Staunton, April 21 – Until recently, most analysts had described the Putin regime as authoritarian. Now, some are calling it “neo-totalitarian;” but the best term to use, Andrey Kolesnikov argues, is “hybrid totalitarianism,” because the current system combines elements of authoritarianism and totalitarianism rather than being purely one or the other.
Most modern dictators, the New Times commentator says, rely on the manipulation of information rather than mass repressions. That was true of Putin until recently, but now he is prepared to use repression ever more broadly rather than rely primarily on information campaigns (newtimes.ru/articles/detail/211258).
But the primary indication of any shift from authoritarianism to totalitarianism is that in the first, the state is prepared to accept “the silent assent” of the ruled while in the second, it demands the expression of active support by its subjects.
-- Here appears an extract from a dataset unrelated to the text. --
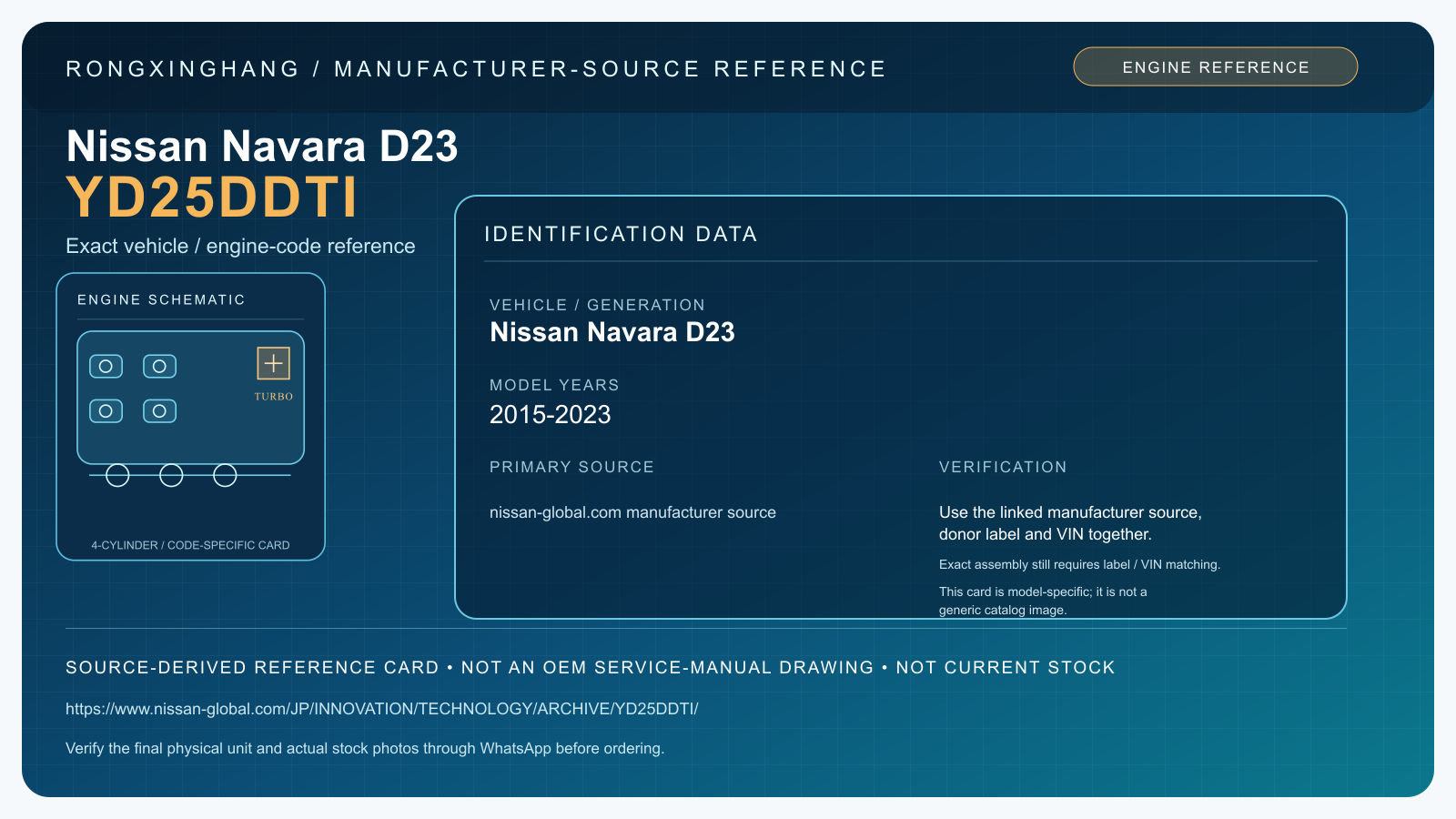Nissan Navara D23 YD25DDTI model-specific manufacturer-source reference card — not an OEM drawing or current stock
Indeed, it is this mobilizational model that Ralf Dahrendorf defined as being the essence of totalitarianism.
That seconds much of the understanding of Zbigniew Brzezinski and Carl Friedrich in the 1950s when they argued that “under authoritarianism, the main thing are prohibitions and an understanding of what people must not do, while totalitarianism combines prohibitions and imperatives and prescriptions.”
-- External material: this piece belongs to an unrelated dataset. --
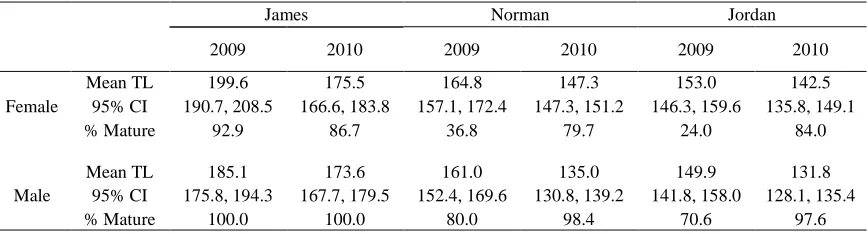 Table 1.4.  Mean total lengths (mm TL) with 95% credible intervals and percentage of mature age-2 white perch across all lakes and years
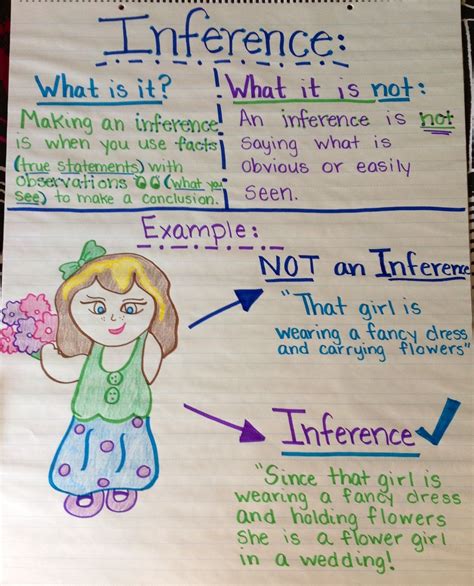 Inference anchor chart Inferencing Anchor Chart, Ela Anchor Charts ...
And the launch of the war in Ukraine, Kolesnikov continues, Putin has moved in many but not all ways from the authoritarian to the totalitarian model. Kolesnikov continues. How far he will go remains an open question, but for the time being, it is best to describe his system as a hybrid of the two.
The New Times columnist enumerates other features of totalitarianism to which Putin either has reached or is approaching: the need to hate enemies foreign and domestic, the increasing spread of the language of hatred, and the belief that the state has primacy over everything else.
A further indication of Putin’s moves from authoritarianism to totalitarianism, albeit still incomplete, is the self-isolation of the country and the regime’s assertion that it is superior to everyone else in ways that recall Stalin-era claims that Russia invented radio and all the rest, Kolesnikov says.
Beyond doubt, Russia has “plunged into a kind of dystopia,” one that seems to require the term “totalitarianism.” But at the same time, it retains a number of concepts from democracy, civic culture and a market economy that make it inappropriate to suggest that it has gone the whole way, according to the New Times columnist.
In the minds of many, the situation seems “not only hopeless but irreversible,” he continues. But because history has shown that totalitarian regimes are ineffective, Russians may have the chance to keep their country from going the entire way toward that abyss rather than having to experience it once again only to see the entire edifice collapse.